Anyone know any good soy sauce brands that taste more like what you get in the packets or are just not disgustingly bitter?


----------



## highlordmugfug (Sep 15, 2011)

Kikkoman is the be all end all of soy sauces.

EDIT: You probably bought some cheap ass store brand swill that isn't even actually fermented.


----------



## heminder (Sep 15, 2011)




----------



## MikeH (Sep 15, 2011)

I use Kroger (my local grocery) brand and it fucking rules. And I'm in the boat of "how do you even survive using that much soy sauce" group.


----------



## The Munk (Sep 15, 2011)

I too, like my food to do the back stroke in soy sauce.
My preferred brand: Silver Swan


----------



## groph (Sep 15, 2011)

I'd definitely go with naturally brewed, fermented stuff. VH makes soy sauce, it's a pretty standard brand around here, and it's shit. It tastes like abrasive, salty rape on the back of your tongue.

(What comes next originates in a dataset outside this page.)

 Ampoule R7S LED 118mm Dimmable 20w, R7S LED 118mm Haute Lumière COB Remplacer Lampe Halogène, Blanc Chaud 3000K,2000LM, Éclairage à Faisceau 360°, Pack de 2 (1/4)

Kikkoman is good, Rooster brand seems decent as well. Naturally brewed is a lot more complex in flavor, less salty and fuck it smells good.


----------



## Cheesebuiscut (Sep 15, 2011)

Will look for one of those two brands, so is the big thing fermented vs not?


----------



## ZXIIIT (Sep 15, 2011)

I keep this at home, best tasting taste I've ever tasted.




Using Bragg&#8217;s Liquid Amino Acids during VLCD «


----------



## ry_z (Sep 15, 2011)

groph said:


> I'd definitely go with naturally brewed, fermented stuff.



Must. Kikkoman (reduced sodium, of course) is what I typically use.






^ Also excellent. It's made with just soybeans, instead of soybeans and wheat. It has a somewhat richer, smoother flavor.


----------



## BigPhi84 (Sep 16, 2011)

<-----Asian dude.

I was gonna type this long, drawn out explanation of soy sauce, and found out the wikipedia does a great job of saying what I would have said.

Soy sauce - Wikipedia, the free encyclopedia


For Japanese-style soy sauce, I like Kikkoman's Low Sodium. For Chinese-style I actually like European imported Maggi Seasoning (which cannot be called soy sauce b/c it actually doesn't contain any soy! )

Since most Vietnamese people like the Chinese flavor over the Japanese flavor, we stock Maggi at my house.


----------



## Cheesebuiscut (Sep 16, 2011)

So which kinds the stuff that comes in the little packets at american chinese joints xD


----------



## BigPhi84 (Sep 16, 2011)

From the wikipedia page...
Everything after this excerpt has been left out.